■ How to complete this task ■
Take every entry below and copy it out word for word.

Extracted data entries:
------------------------------------------------------------------------

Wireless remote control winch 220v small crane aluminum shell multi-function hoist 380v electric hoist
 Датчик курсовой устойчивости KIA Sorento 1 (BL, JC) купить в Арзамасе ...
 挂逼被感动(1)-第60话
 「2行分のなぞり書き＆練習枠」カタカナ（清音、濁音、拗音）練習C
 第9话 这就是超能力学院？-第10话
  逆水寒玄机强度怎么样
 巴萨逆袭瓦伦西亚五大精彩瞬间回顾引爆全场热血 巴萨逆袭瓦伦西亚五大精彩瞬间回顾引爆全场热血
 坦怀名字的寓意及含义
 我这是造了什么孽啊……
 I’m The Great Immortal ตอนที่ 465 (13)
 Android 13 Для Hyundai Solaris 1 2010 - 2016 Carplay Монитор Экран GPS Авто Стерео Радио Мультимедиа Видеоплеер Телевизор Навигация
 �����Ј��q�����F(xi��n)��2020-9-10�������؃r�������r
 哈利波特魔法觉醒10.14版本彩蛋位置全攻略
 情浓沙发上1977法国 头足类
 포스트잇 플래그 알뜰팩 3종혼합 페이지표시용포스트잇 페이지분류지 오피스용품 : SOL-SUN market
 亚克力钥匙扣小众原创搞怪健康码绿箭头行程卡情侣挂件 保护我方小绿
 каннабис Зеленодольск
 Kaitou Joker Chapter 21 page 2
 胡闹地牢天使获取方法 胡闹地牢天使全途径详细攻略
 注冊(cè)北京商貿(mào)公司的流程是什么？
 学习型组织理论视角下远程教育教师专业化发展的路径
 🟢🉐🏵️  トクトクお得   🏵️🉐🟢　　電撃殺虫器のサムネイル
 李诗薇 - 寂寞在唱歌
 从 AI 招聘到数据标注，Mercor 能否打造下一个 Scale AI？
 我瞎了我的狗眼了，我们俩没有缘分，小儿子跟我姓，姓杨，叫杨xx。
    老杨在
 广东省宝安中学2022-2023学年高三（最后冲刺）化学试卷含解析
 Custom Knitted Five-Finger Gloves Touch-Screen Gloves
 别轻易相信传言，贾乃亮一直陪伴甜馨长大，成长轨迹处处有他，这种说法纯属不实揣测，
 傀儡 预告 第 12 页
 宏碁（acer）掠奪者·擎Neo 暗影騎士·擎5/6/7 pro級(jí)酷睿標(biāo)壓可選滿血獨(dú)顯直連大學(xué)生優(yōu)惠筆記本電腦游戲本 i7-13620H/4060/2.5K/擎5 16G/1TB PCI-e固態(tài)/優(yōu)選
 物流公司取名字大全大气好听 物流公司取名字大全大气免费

------------------------------------------------------------------------

■ Solution for this task ■
Wireless remote control winch 220v small crane aluminum shell multi-function hoist 380v electric hoist
 Датчик курсовой устойчивости KIA Sorento 1 (BL, JC) купить в Арзамасе ...
 挂逼被感动(1)-第60话
 「2行分のなぞり書き＆練習枠」カタカナ（清音、濁音、拗音）練習C
 第9话 这就是超能力学院？-第10话
  逆水寒玄机强度怎么样
 巴萨逆袭瓦伦西亚五大精彩瞬间回顾引爆全场热血 巴萨逆袭瓦伦西亚五大精彩瞬间回顾引爆全场热血
 坦怀名字的寓意及含义
 我这是造了什么孽啊……
 I’m The Great Immortal ตอนที่ 465 (13)
 Android 13 Для Hyundai Solaris 1 2010 - 2016 Carplay Монитор Экран GPS Авто Стерео Радио Мультимедиа Видеоплеер Телевизор Навигация
 �����Ј��q�����F(xi��n)��2020-9-10�������؃r�������r
 哈利波特魔法觉醒10.14版本彩蛋位置全攻略
 情浓沙发上1977法国 头足类
 포스트잇 플래그 알뜰팩 3종혼합 페이지표시용포스트잇 페이지분류지 오피스용품 : SOL-SUN market
 亚克力钥匙扣小众原创搞怪健康码绿箭头行程卡情侣挂件 保护我方小绿
 каннабис Зеленодольск
 Kaitou Joker Chapter 21 page 2
 胡闹地牢天使获取方法 胡闹地牢天使全途径详细攻略
 注冊(cè)北京商貿(mào)公司的流程是什么？
 学习型组织理论视角下远程教育教师专业化发展的路径
 🟢🉐🏵️  トクトクお得   🏵️🉐🟢　　電撃殺虫器のサムネイル
 李诗薇 - 寂寞在唱歌
 从 AI 招聘到数据标注，Mercor 能否打造下一个 Scale AI？
 我瞎了我的狗眼了，我们俩没有缘分，小儿子跟我姓，姓杨，叫杨xx。
    老杨在
 广东省宝安中学2022-2023学年高三（最后冲刺）化学试卷含解析
 Custom Knitted Five-Finger Gloves Touch-Screen Gloves
 别轻易相信传言，贾乃亮一直陪伴甜馨长大，成长轨迹处处有他，这种说法纯属不实揣测，
 傀儡 预告 第 12 页
 宏碁（acer）掠奪者·擎Neo 暗影騎士·擎5/6/7 pro級(jí)酷睿標(biāo)壓可選滿血獨(dú)顯直連大學(xué)生優(yōu)惠筆記本電腦游戲本 i7-13620H/4060/2.5K/擎5 16G/1TB PCI-e固態(tài)/優(yōu)選
 物流公司取名字大全大气好听 物流公司取名字大全大气免费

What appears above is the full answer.